Prima o poi in ognuno di noi si accende il bisogno di allontanarsi, di esplorare l’altrove con gli occhi dell’anima. Quelli bravi direbbero che abbiamo bisogno di abbandonare la zona di comfort. Personalmente credo che ognuno riempia di significato la partenza in base al proprio vissuto e per ciascuno di noi l’altrove può essere un luogo, un profumo, un sapore, uno squarcio di sole tra le nuvole, il suono del vento, l’incontro con lo sguardo dell’altro. Partiamo con un bagaglio di emozioni, pressioni, stanchezza, aspettative da decifrare lungo il percorso. Scegliamo di esperire un distacco ed è in questa forma di distacco che accogliamo il senso più intimo del viaggio. Per qualche tempo le nostre abitudini rimangono sospese ai margini della nostra esistenza, un altro ritmo scandisce i nostri sensi e pensieri, le inquietudini trovano quiete, il passo rallenta. In viaggio recuperiamo parte delle nostre percezioni spesso sopite e domate dall’incedere della quotidianità.
Il viaggio sbiadisce la nostra idea di distanza. Ciò che percepivamo come lontano, in poco tempo è incredibilmente vicino, forse perché la lontananza era la dimensione del desiderio di quel viaggio che coltivavamo da tempo.
In viaggio portiamo le nostre radici, questi filamenti animici e culturali che rendono possibile l’incontro con l’altro. Le nostre radici sfiorano quelle dell’altro e questo contatto produce la linfa delle emozioni che ci nutrono e continueranno a nutrire i ricordi al ritorno. Rimaniamo noi stessi, ma il nostro planisfero interiore si espande.

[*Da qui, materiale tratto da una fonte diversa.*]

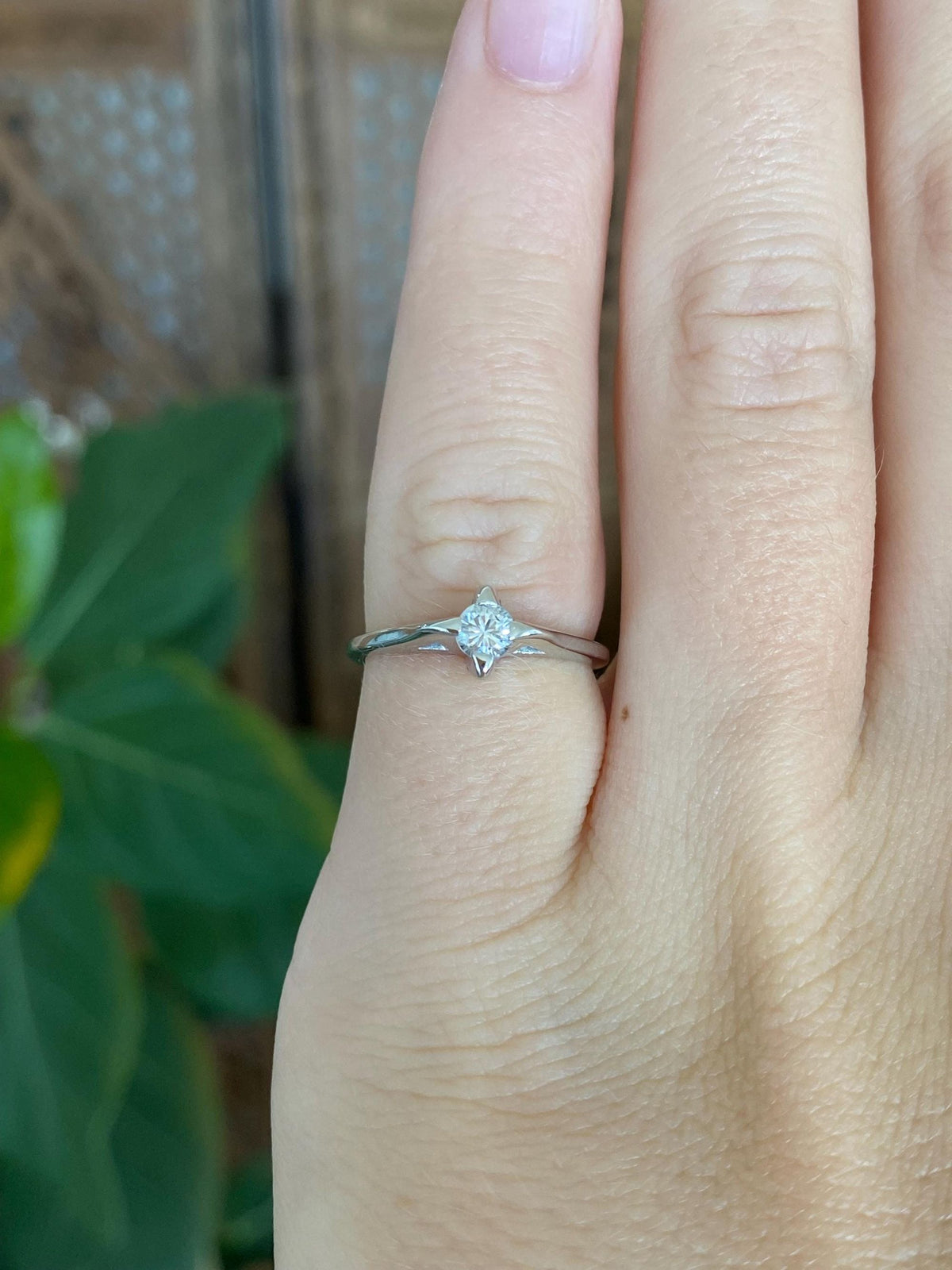 Vintage Solid 14k White Gold Diamond Ring - Size 3.25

In viaggio, a volte, lasciamo andare un dolore, una delusione, un’assenza, ma nel profondo ci prepariamo per lasciare che altro arrivi. Recuperiamo uno sguardo più ampio e luminoso sulla realtà. A volte si fugge ma poi ci si scopre in ricerca. E ognuno ha la sua. Quando i sentieri di ricerca si incrociano e se ne condivide anche solo una piccola parte, il viaggio si compie e continua a compiersi.
Sui sentieri di questa itinerante complessità, buon viaggio a tutti voi.